Une décision contestée
Début 2019, malgré les craintes de la CNIL, le gouvernement a choisi de confier – sans appel d’offres – l’hébergement de ces données à Microsoft Azure, le service «cloud» du géant américain, via sa filiale irlandaise. Ces données de santé seront donc soumises à plusieurs lois américaines comme le Cloud Act, qui autorise depuis 2018 les autorités américaines à exiger de toute entreprise basée sur son sol la transmission de données personnelles, et ce même si ses serveurs sont situés а l’étranger (les serveurs du HDH seraient en l'espèce basés aux Pays-Bas).

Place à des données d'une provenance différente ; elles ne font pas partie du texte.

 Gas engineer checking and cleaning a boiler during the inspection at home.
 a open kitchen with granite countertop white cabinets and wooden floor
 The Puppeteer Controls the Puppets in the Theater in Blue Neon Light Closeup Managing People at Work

A cela s'ajoute le fait que la Cour de justice de l’Union européenne (CJUE), dans une décision rendue le jeudi 16 juillet 2020, a invalidé le bouclier de protection de données le Privacy Shield, un mécanisme négocié par l’Union européenne pour encadrer et sécuriser le transfert de données privées vers les Etats-Unis. Or, la CJUE a jugé ces mesures de protection imparfaites et a estimé que le caractère extraterritorial de la législation américaine ne permettait pas de garantir un niveau de protection suffisant aux données des citoyens européens.
Cette décision a permis à un collectif de 18 organisations et personnalités – dont le Conseil national du logiciel libre, le Syndicat national des journalistes, ou le Syndicat de la médecine générale –de relancer leur requête devant le Conseil d'Etat pour suspendre le traitement, et la centralisation des données au sein du HDH.

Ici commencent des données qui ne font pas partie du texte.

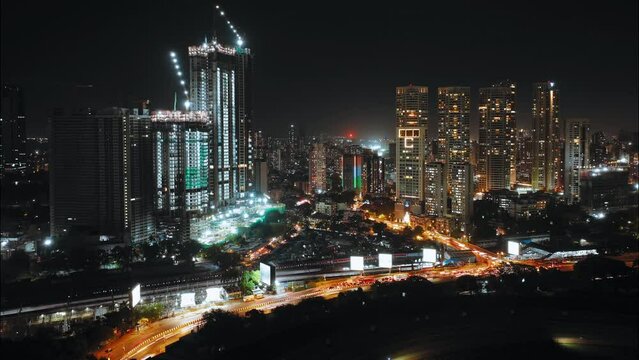 Aerial view of Central Mumbai's skyline at night. Mumbai lit up at night: Urban cityscape concept or abstract of advanced innovation, financial technology, energy power. Mahalaxmi station, Racecourse.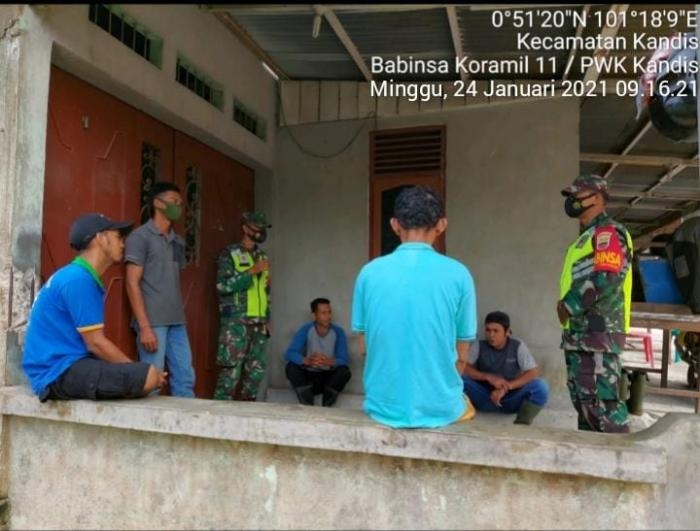 Personil Koramil 11/Pwk Kandis Mengelar Patroli Protokol Kesehatan di Pemukiman Warga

Après un premier rejet de la procédure fin septembre, les requérants ont soumis une nouvelle requête en référé. Une audience s'est tenue début octobre et la décision est attendue «la semaine prochaine», a indiqué le Conseil d'Etat à l'AFP.
Le 8 octobre, le secrétaire d'Etat chargé du Numérique Cédric O semble vouloir agir et a annoncé, lors d’une audition au Sénat, que ses services et ceux du ministre de la Santé Olivier Véran travaillent «après le coup de tonnerre de l’annulation du Privacy Shield, au transfert du Health Data Hub sur des plateformes françaises ou européennes». Cédric O n’a toutefois pas encore donné de calendrier pour ce transfert, alors que le temps presse, un décret devant être pris fin octobre pour préciser les modalités de déploiement du HDH.